How to complete this task: Would you print only the lines running from the one with "Quiksilver Garās zeķes" to the final line of the data below, word for word and without pictures?

[Items from a dataset]

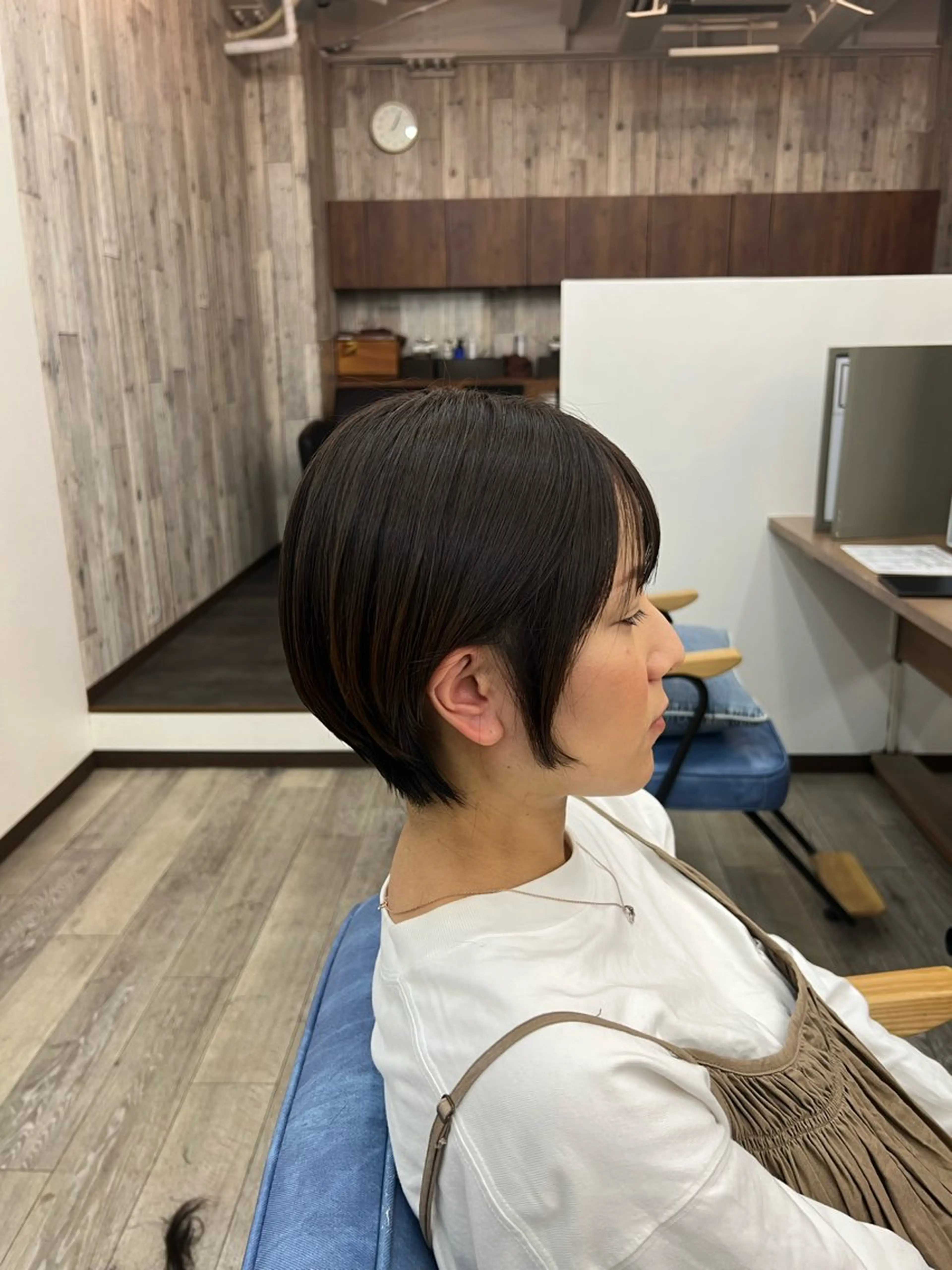 ショート カット ヘアカラー globe船橋所属・スタイリスト★今村 優太のヘアスタイル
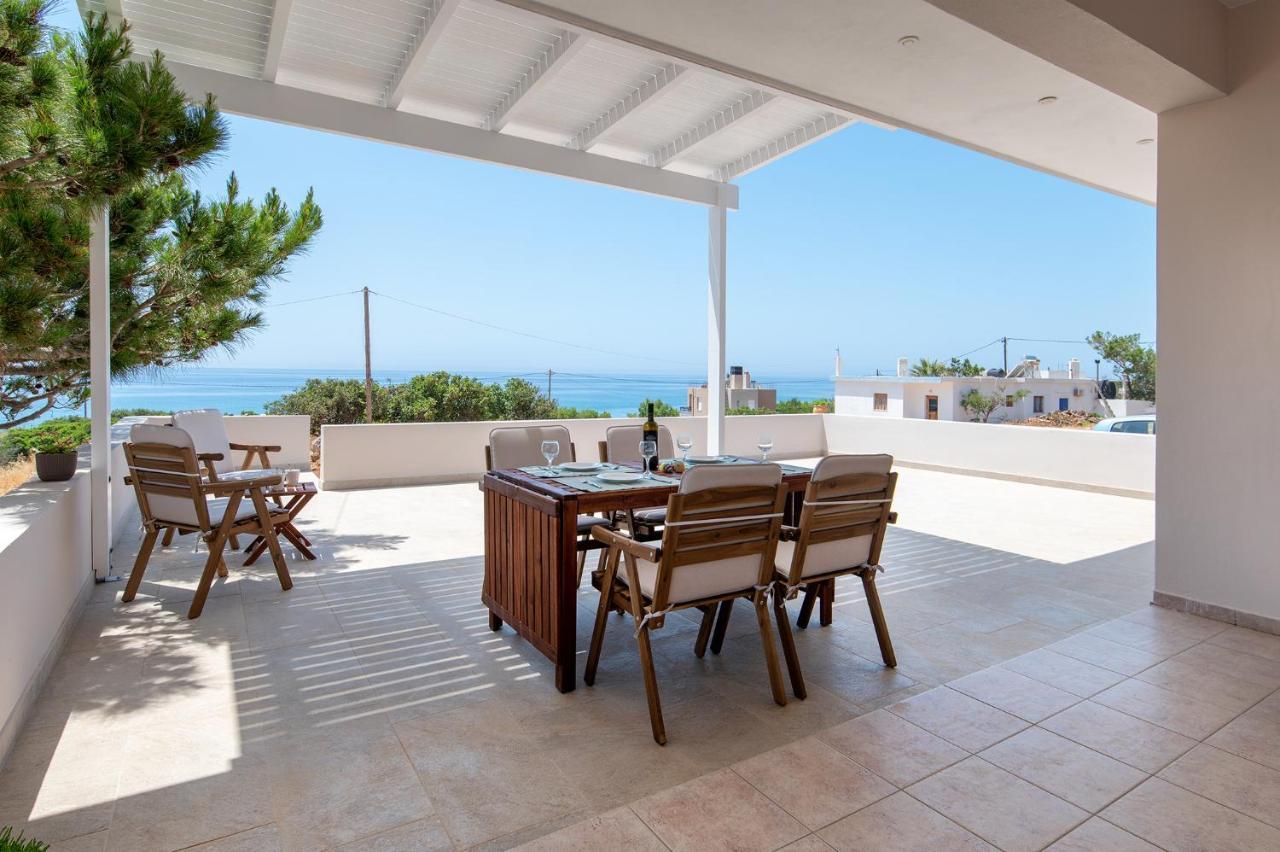 Sea View Pine House Villa Makry Gialos  Exterior photo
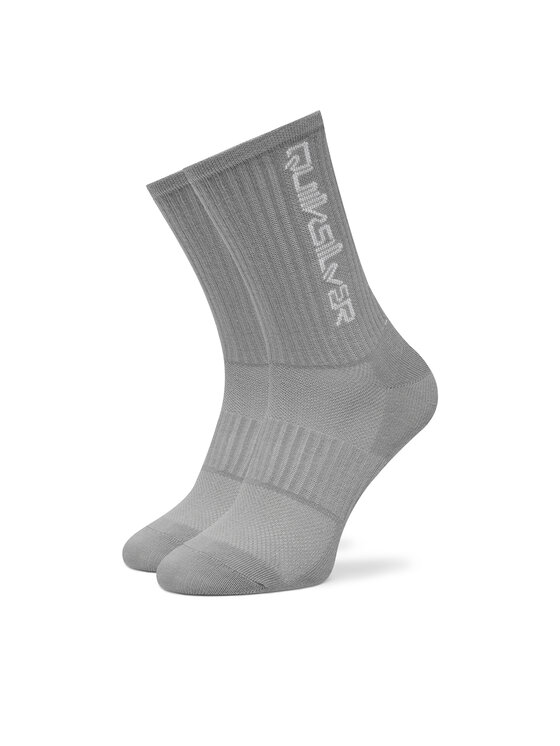 Quiksilver Garās zeķes Quiksilver AS_QUIKSILVER_100W_SS25 (3-PACK) Balts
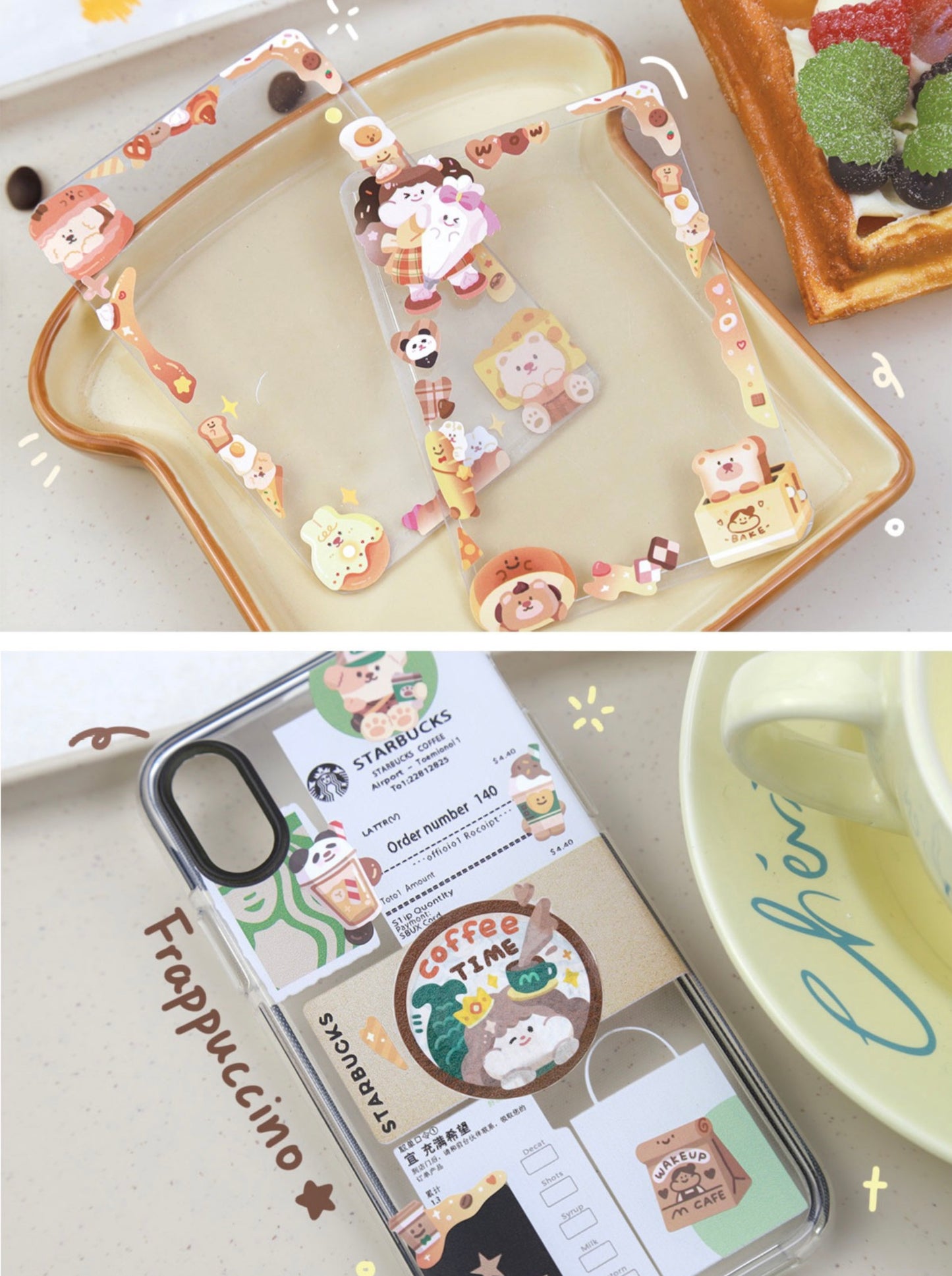 Meatball 「Coffee and Bread」washitape and sticker tape
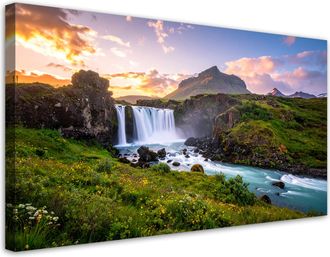Feeby Impresi&oacute;n De Imagen, Paisaje Cascada Naturaleza, 120x60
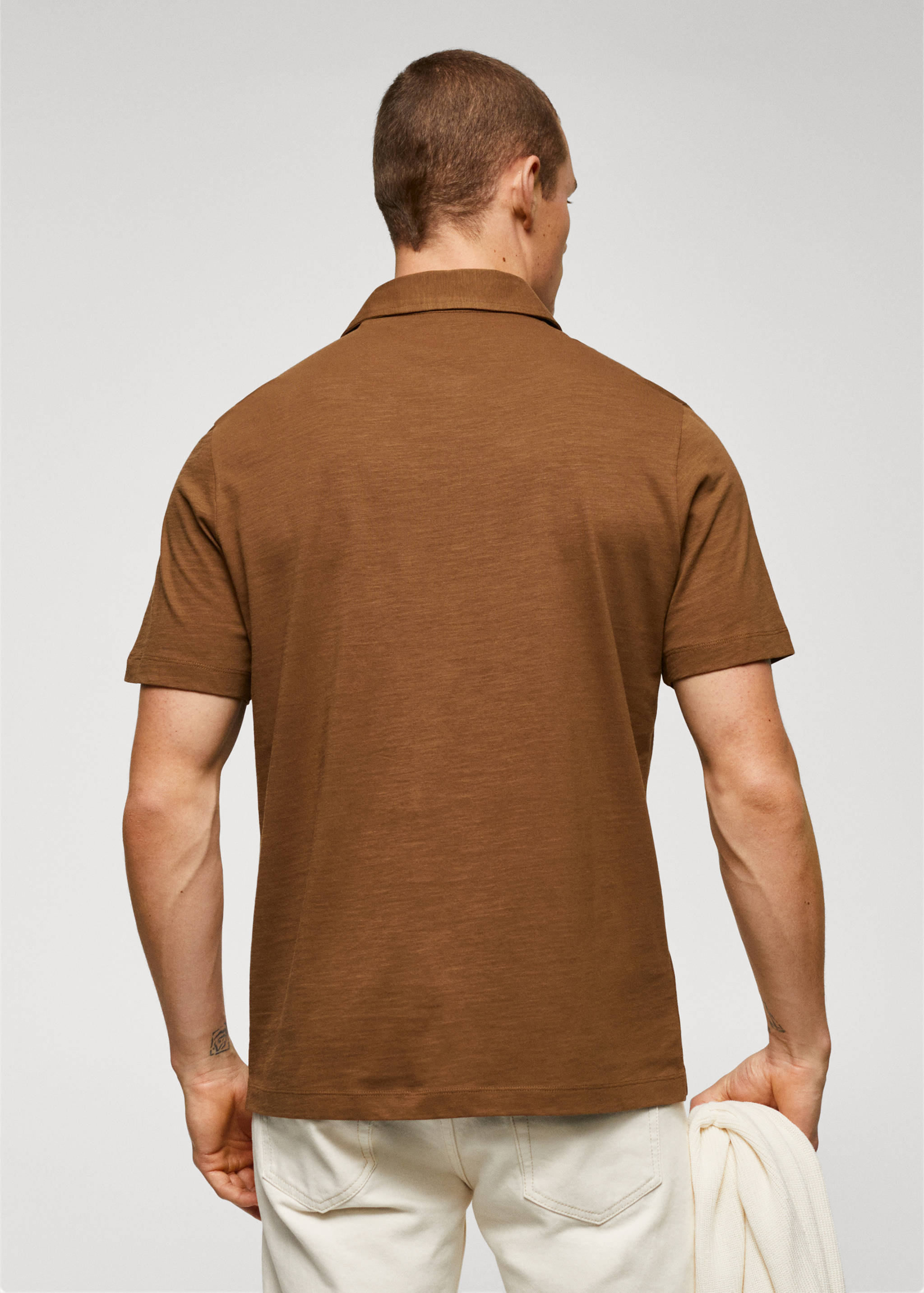 100% cotton basic polo shirt - Reverse of the article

Answer box:
 Quiksilver Garās zeķes Quiksilver AS_QUIKSILVER_100W_SS25 (3-PACK) Balts
 Meatball 「Coffee and Bread」washitape and sticker tape
Feeby Impresi&oacute;n De Imagen, Paisaje Cascada Naturaleza, 120x60
 100% cotton basic polo shirt - Reverse of the article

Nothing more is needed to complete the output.